Блюхеру не пришлось довести до конца борьбу с Махно. Василия Константиновича отозвали на Дальний Восток, где после происшедшего 26 мая 1920 года во Владивостоке белогвардейского переворота серьезно осложнилось положение просоветской Дальневосточной республики. 24 июля Блюхер был уже в Чите, где стал военным министром и главнокомандующим Народно-Революционной Армии ДВР. Эта армия находилась в удручающем состоянии. В рапорте Ленину и Троцкому Блюхер описал его следующим образом: «Нищенство, проституция, воровство, грабежи, шпионаж и др. Позорные явления стали нередким элементом армейского быта. Военспец, спекулирующий на барахолке последними вещами и не посещающий по этой причине занятия, ответственные работники, нанимающиеся к ремесленникам в подмастерья и к торговцам в ночные сторожа, жены военнослужащих, побирающиеся по городу «Христа ради», бойцы, да одни ли только бойцы, с оружием в руках вламывающиеся в квартиры жителей с целью грабежа; штабники — от голода хворающие, падающие в обморок, ворующие и продающие все, что попадается под руку, от карандаша до пишущей машинки и секретного документа, организованные банды, угоняющие у крестьян скот под флагом конфискации белогвардейского имущества, — все это стало тяжелым фактом повседневности, характеризующим ту грань, до которой докатились материальная необеспеченность армии и то разложение, которое вызвано ненормальными условиями жизни».

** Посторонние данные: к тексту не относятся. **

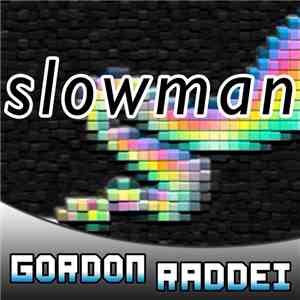 Gordon Raddei - Slowman download flac mp3
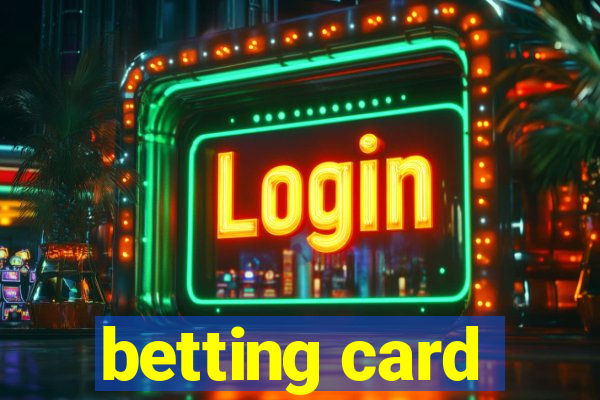 betting card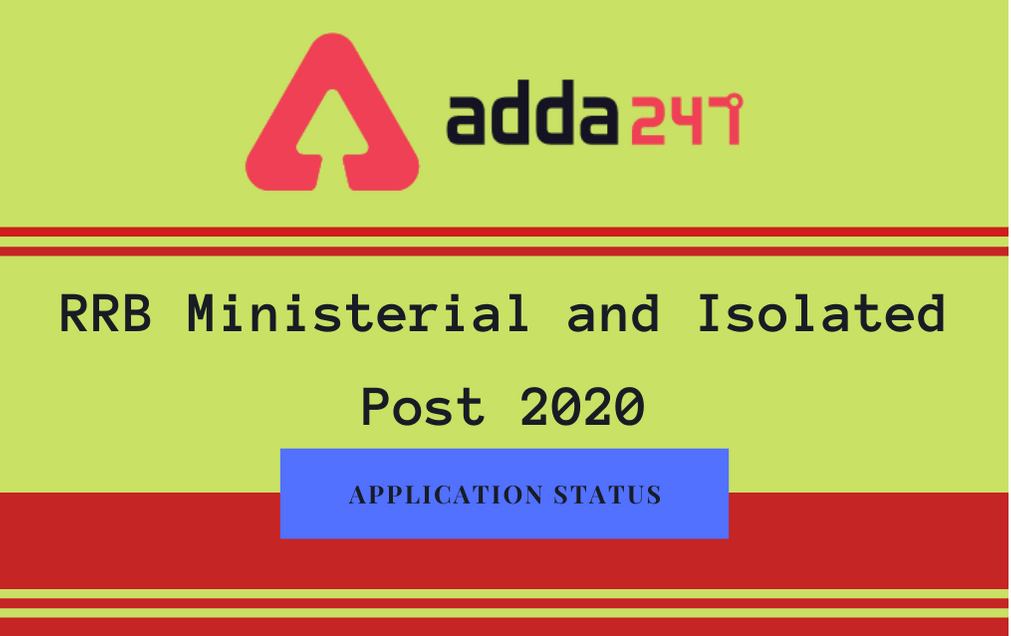 RRB Ministerial and Isolated Post Application Status 2020 Released: Check Region-Wise Status Link_30.1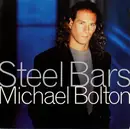 7inch Vinyl Single - Michael Bolton - Steel Bars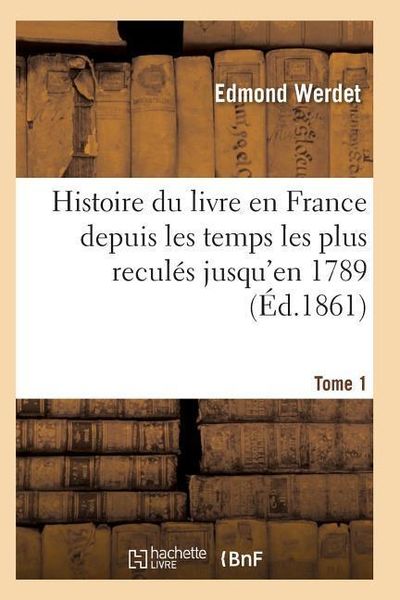 Produktbild: Histoire du livre en France depuis les temps les plus recul&eacute;s jusqu'en 1789 T01
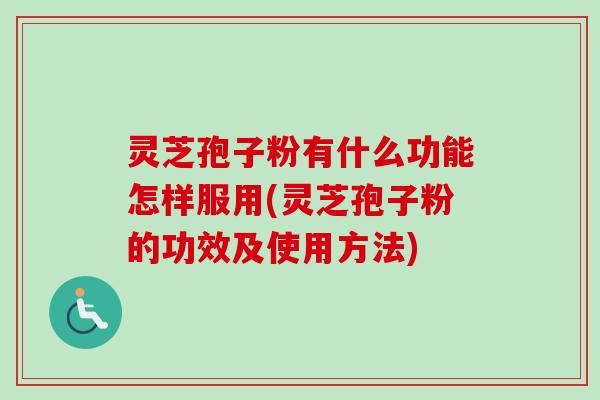灵芝孢子粉有什么功能怎样服用(灵芝孢子粉的功效及使用方法)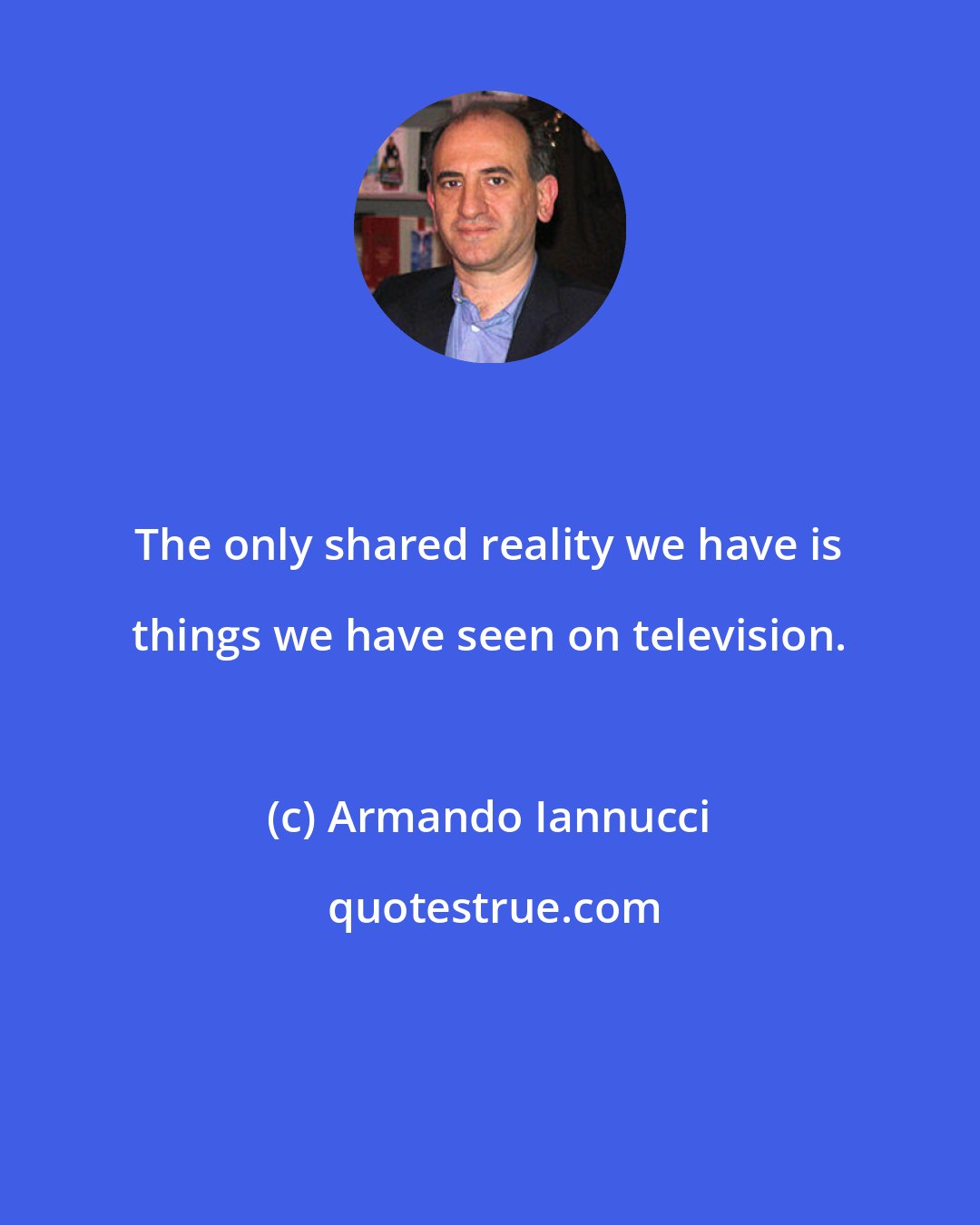 Armando Iannucci: The only shared reality we have is things we have seen on television.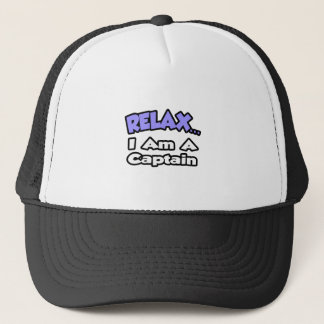 Relax ... I Am A Captain Trucker Hat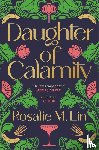 Lin, Rosalie M. - Daughter of Calamity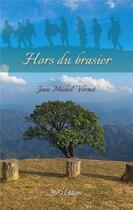 Couverture du livre « Hors du brasier » de Jean-Michel Vernet aux éditions Mvo Editions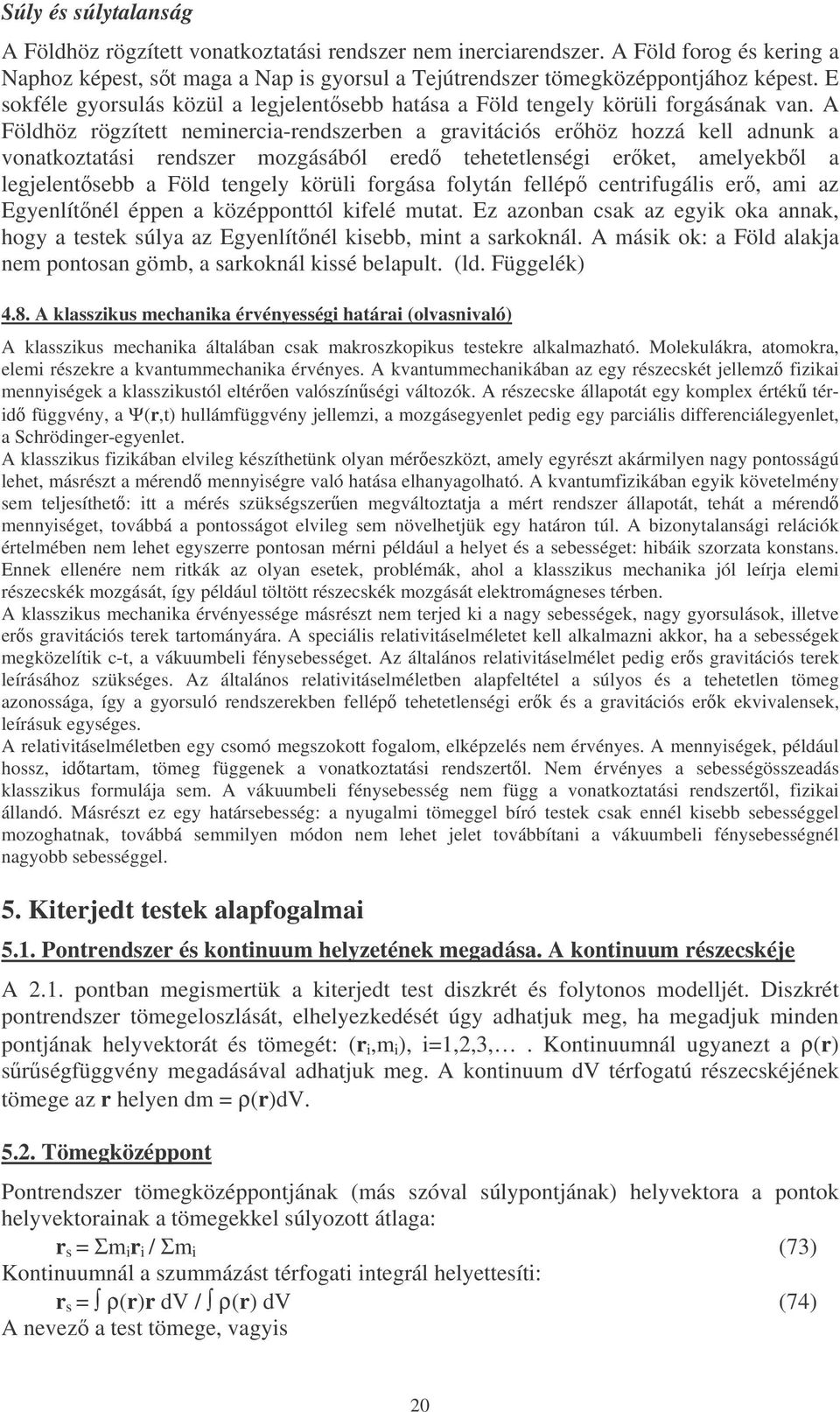 A Földhöz rögzített neminercia-rendszerben a gravitációs erhöz hozzá kell adnunk a vonatkoztatási rendszer mozgásából ered tehetetlenségi erket, amelyekbl a legjelentsebb a Föld tengely körüli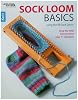 Sock Loom Basics: Using the Kb Sock Loom Paperback – August 1, 2011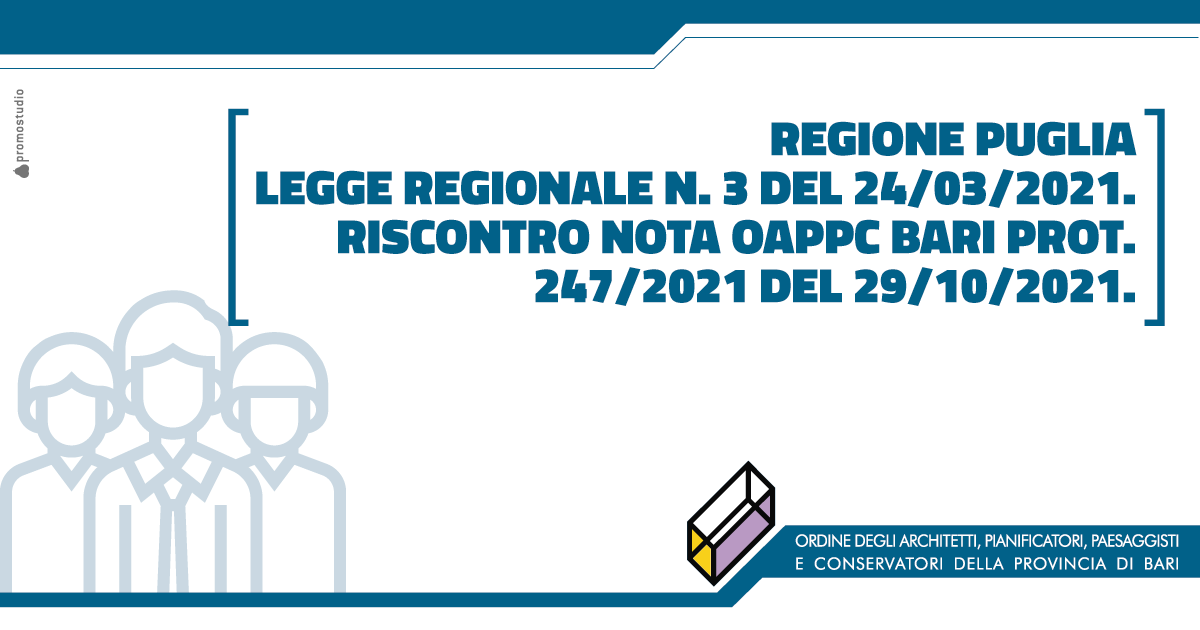 REGIONE PUGLIA - Legge Regionale n. 3 del 24/03/2021. Riscontro nota OAPPC Bari prot. 247/2021 del 29/10/2021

Замечу, что в рапорте Василий Константинович вряд ли сильно преувеличил. Один из руководителей ДВР П.П. Постышев в послевоенных мемуарах писал о том же — например, в связи с разграблением народоармейцами Шмаковекого монастыря: «Обходя части, мы заметили какие-то огни, подойдя, мы увидели пьяные фигуры красногвардейцев. Одни были одеты в поповские ризы, другие — еще в какие-то хламиды; все были пьяны, балаганили, горели большие церковные свечи и при их огне играли в карты. Всюду водка, бочонки с медом, бороды у пьяных стариков-бородачей торчали гвоздем, потому что, хватаясь за бороды перепачканными медом руками, они склеивали их. Нас встретили насмешками и бранью. Пришлось послать дисциплинированную часть, разогнать их и переарестовать, а окончательно разложившихся — расстрелять. Было жутко».

Нарисованная Блюхером апокалиптическая картина побудила Владимира Ильича и Льва Давидовича поднапрячься и выделить ДВР полтора миллиона рублей золотом. На эти средства главком смог реорганизовать Народно-Революционную Армию. Кое-кого при этом пришлось расстрелять. Тем временем отряды так называемых «белоповстанцев» под командованием бывшего командира Ижевской дивизии генерала В.М. Молчанова 18 декабря 1921 года заняли Хабаровск. Они действовали будто бы независимо от Приамурского правительства братьев Меркуловых, а в действительности — по тайной договоренности с властями Владивостока. Планы Приамурского правительства и генерала Молчанова были достаточно амбициозны. Депутат владивостокского Народного собрания бывший военный министр Омской директории генерал В.Г. Болдырев вспоминал: «В связи с одержанными боевыми успехами и присоединением Камчатского края ждали резонанса этих успехов на Амуре и в Забайкалье. Более же горячие головы, как и всегда в подобных случаях, мечтали не только о Сибири, которая считалась охваченной волнением, но и о Москве!»